=== Section Start ===

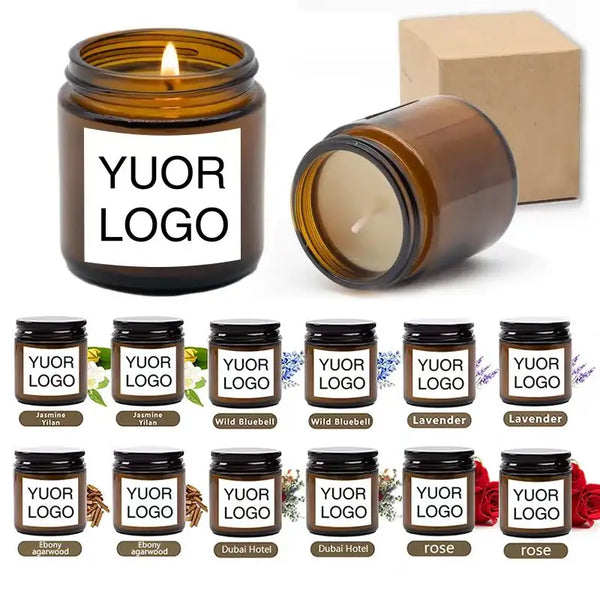 A collection of small glass jars containing various scents labeled Yuor Logo including Jasmine, Wild Bluebell, Lavender, and 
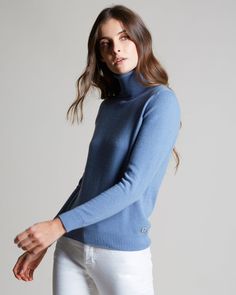 DESCRIPTIONThis turtleneck women's sweater is crafted from plain knitted kid cashmere, an extremely fine and soft fibre, obtained exclusively from the undercoat of Hircus baby goats. The mock turtleneck features a dense micro-ribbed pattern. Its precious and exclusive yarn makes this garment the luxury version of an essential knitwear item.FABRICSThe "kid cashmere" yarn is obtained from the undercoat of Hircus goats kids. The natural molt allows to harvest this precious, exclusive and ultralight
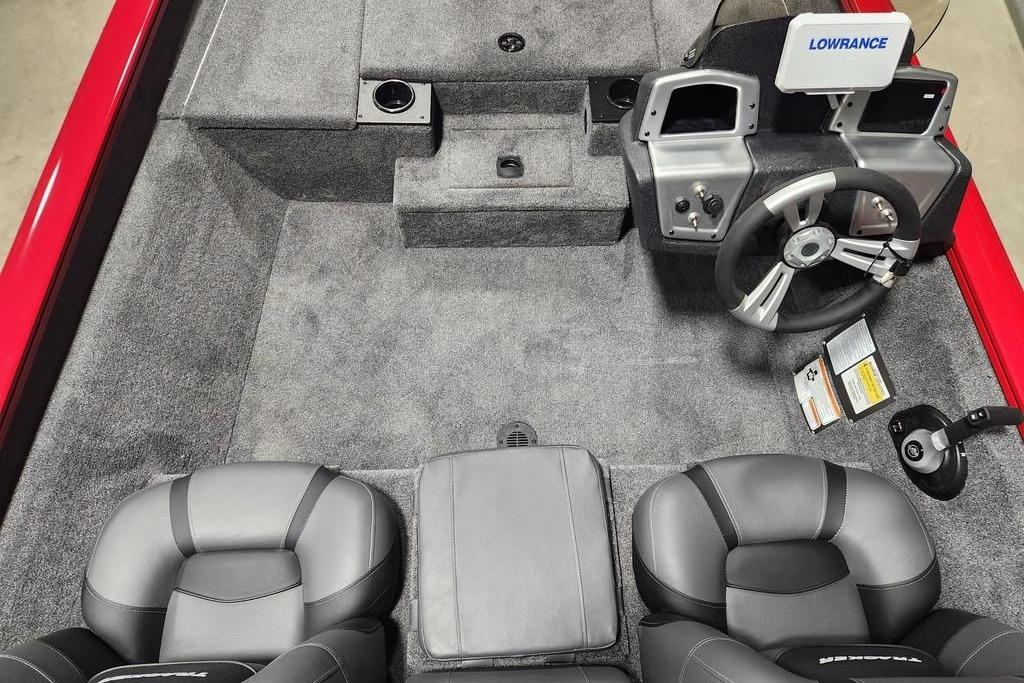 Interior view of 2026 Tracker Pro Team 175 boat with steering wheel and seating.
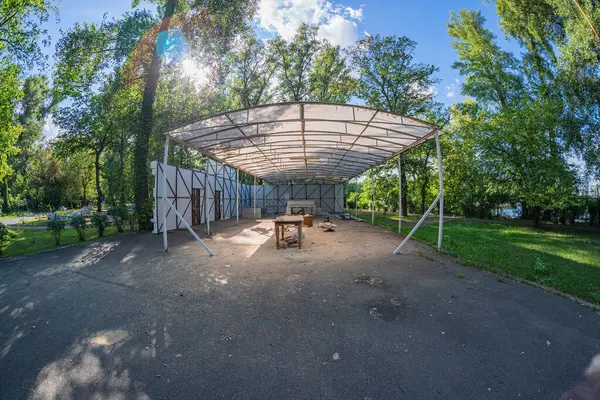 Minimalist, işlevsel bir açık hava yapısı beyaz ışıklı çatı, beton zemin, ahşap masa ve plastik sandalyeler çevrede ağaçlar ve güneş ışığı Kyiv, Ukrayna 06-11-2024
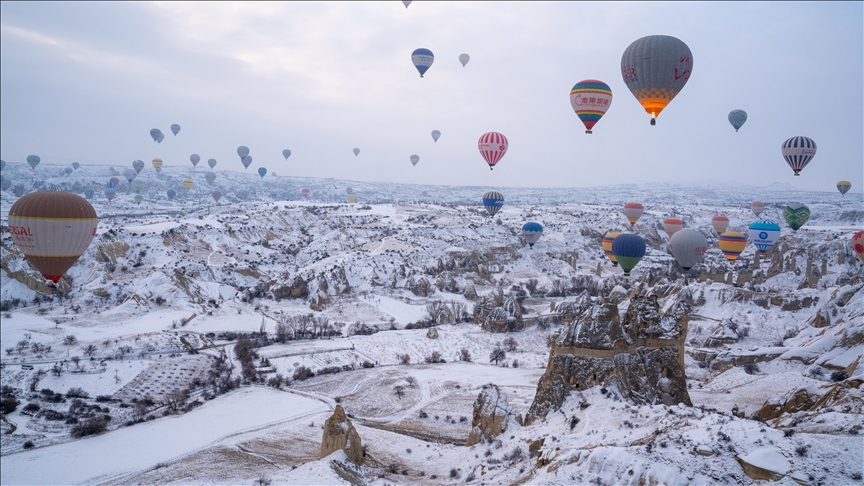 Balonat me ajër të nxehtë fluturojnë mbi oxhaqet e zanave të mbuluara me borë në Kapadokya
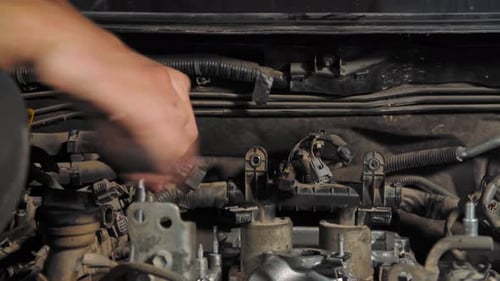 Close Up Shot of the Mechanic, Who Screws Bolts. (UHD)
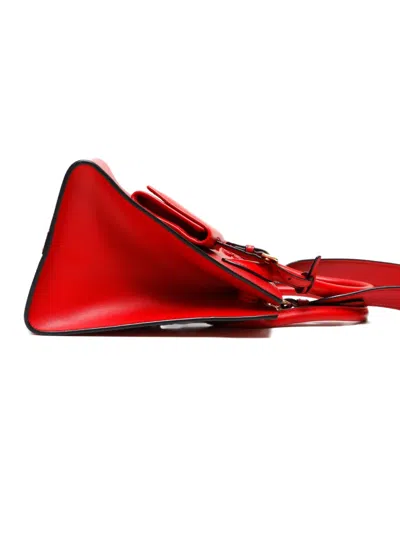 Pre-owned Prada 2020-2025 Embossed Monochrome Bag In Red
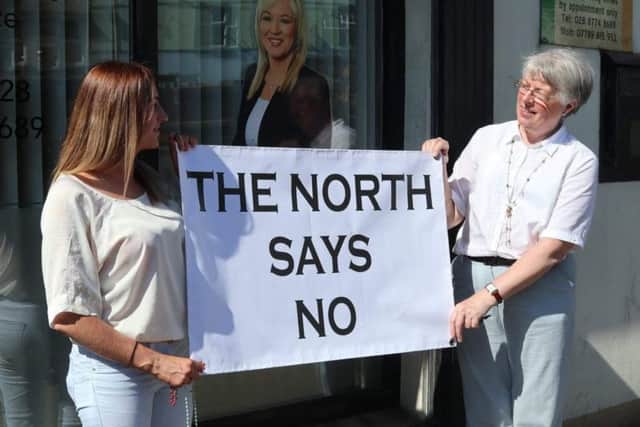 Doris Vincent and Catherine Sewell make their point outside Michelle O'Neill's office in Coalisland.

=== Section End ===

Starting at the line that contains "Balonat me ajër", write out exactly each line through the last one in the listing above, leaving out the pictures and adding nothing else.

 Balonat me ajër të nxehtë fluturojnë mbi oxhaqet e zanave të mbuluara me borë në Kapadokya
 Close Up Shot of the Mechanic, Who Screws Bolts. (UHD)
 Pre-owned Prada 2020-2025 Embossed Monochrome Bag In Red
 Doris Vincent and Catherine Sewell make their point outside Michelle O'Neill's office in Coalisland.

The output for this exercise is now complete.